This project reveals which groups of people are easily infected and how Covid-19 was spread in China in early January.
After collecting the data of the 277 confirmed cases and 44 deaths, we analyzed their genders, ages, travel history, clinical symptoms, and underlying health conditions, so as to illustrate the main physical features of those infected. All the visualization of this information is contained in this project.
In the second half of the project, we analyzed the 18 clusters reported as of January 26, to see to what extent the virus had spread from Wuhan to all over the country.
This project reached more than 1 million views after it published on multiple content platforms, including the App named Shanghai Observer owned by JieFang Daily, Toutiao.com owned by ByteDance, and WeChat Official Accounts.
It provided our readers with a basic understanding of the symptoms, susceptible population of COVID-19 at the very beginning of its outbreak when people knew little and there was no previous information about the virus.
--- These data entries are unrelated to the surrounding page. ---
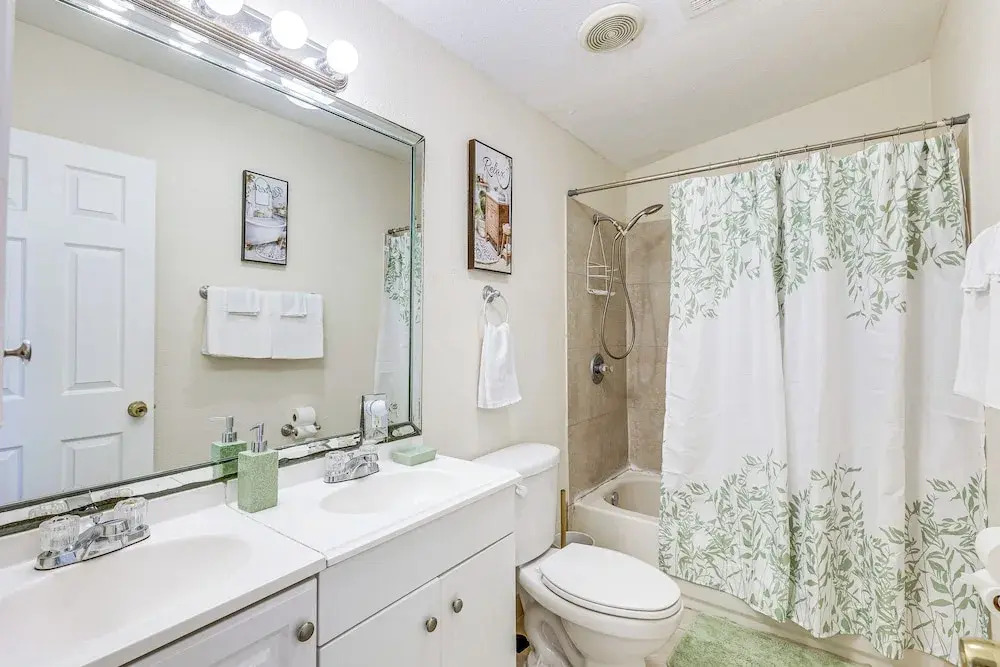 West Palm Beach Home ~ 2 Mi to Downtown!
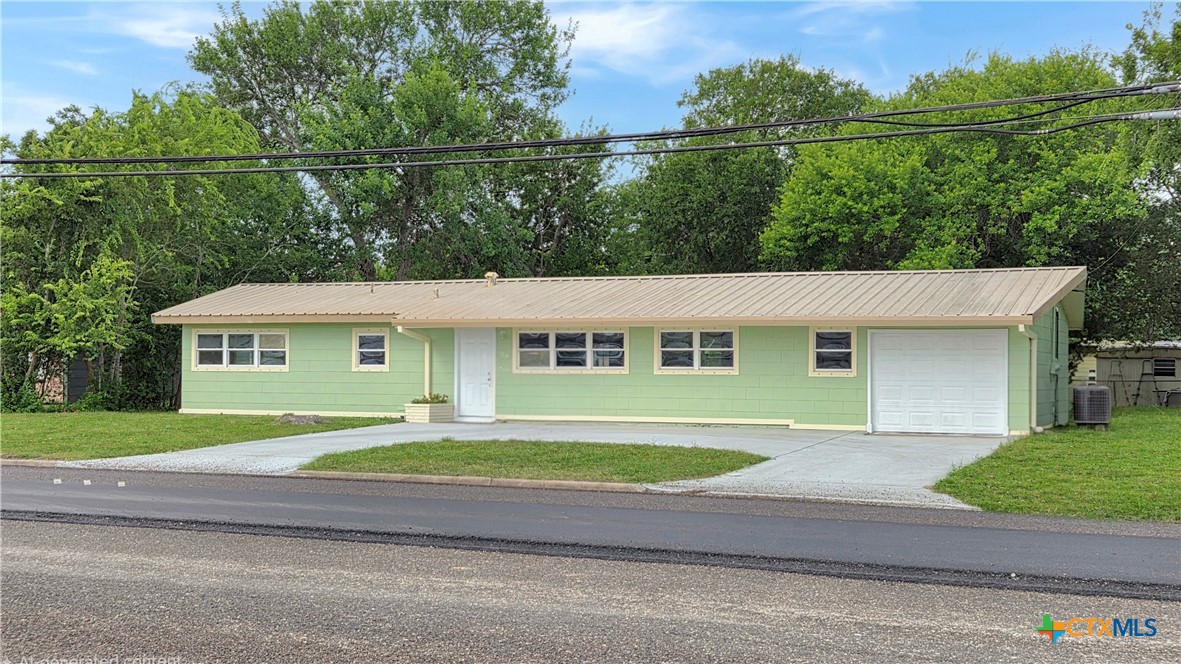 1021 N Virginia Street Property Photo 2
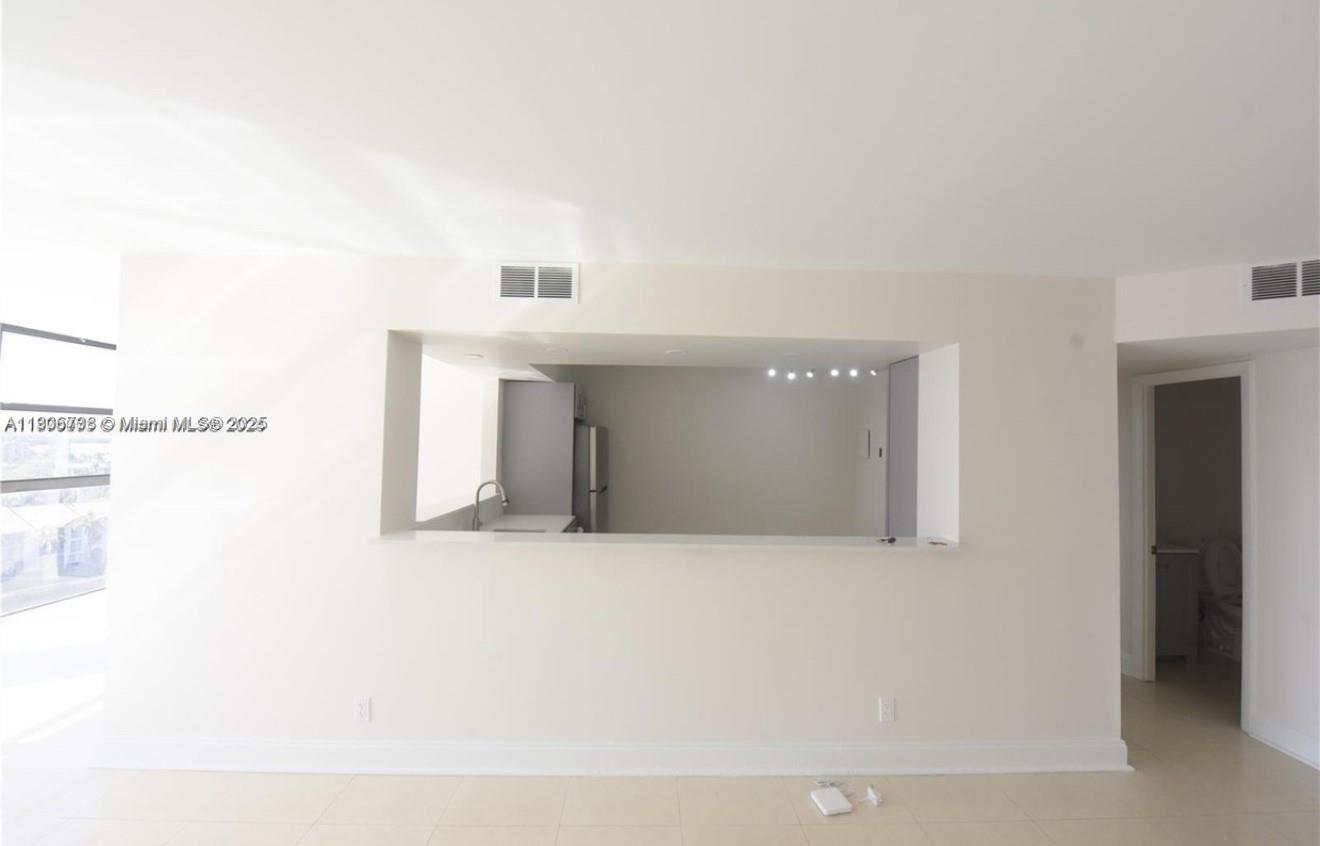 200 LESLIE CONDO - Residential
After we open the case data, we received requests from universities, newsrooms and many other research organizations.
The softwares we used for this project were Excel and Adobe Illustrator, as Excel for data collection, encoding and cleaning, and Illustrator for visualization.
We referred to the COVID-19 situation reports from government websites, and collected personal information such as residence, travel history, gender, age of daily confirmed.
In the following step, we transformed the collected information into organized data in Excel, with columns being ‘city’, ‘Gender’, ‘Age’, ‘travel to Wuhan'( if yes, input 1, if no, then input 0), multiple symptoms and underlying health conditions ( used 1 and 0 to distinguish Yes or No as well).
Then we visualized the data in the forms of bar charts, pie charts and butterfly diagrams.
What was the hardest part of this project?
The hardest part is to collect and sort out as much information as possible about the patient cases, including their age, gender, activity trajectory, symptoms, past medical history, etc.
Since there was no unified standard for information release in the early stage of the epidemic, the degree of disclosure of non-private information about cases was different, meaning that browsing multiple web pages over and over again was needed to collect information; the formats of the public information varied also so that it was difficult to organize information with a universal set of crawlers and code.
In order to solve the above problems, we shared out the work and cooperated with each other. Each of us was responsible for several provinces and spent nearly six hours a day collecting, sorting, labelling and proofreading these case information. So far, we have kept the data free and public.
What can others learn from this project?
In the early stage of the epidemic, ordinary people lacked the ability to distinguish in the face of complicated information and reports. As journalists, we need to analyze the facts and data to clarify the unfounded speculation, let people know about the truth and relieve panic and anxiety. It is something that journalists should overcome.
When dealing with large-scale unstructured text data, a team with tacit cooperation and clear division of labor is needed. For the extraction of important information, it is necessary to design a set of reasonable and efficient methods, set up indicators covering key information and keep updated in a timely manner.
The most important thing is to stick with it.
One thing worth mentioning is that we have made all the data we collect public. All the readers can get access to the dats through the global COVID-19 dataset we set up by our own. Also, the data enables journalists to generate more COVID-19-related content to inform readers as much as possible about the worldwide pandemic.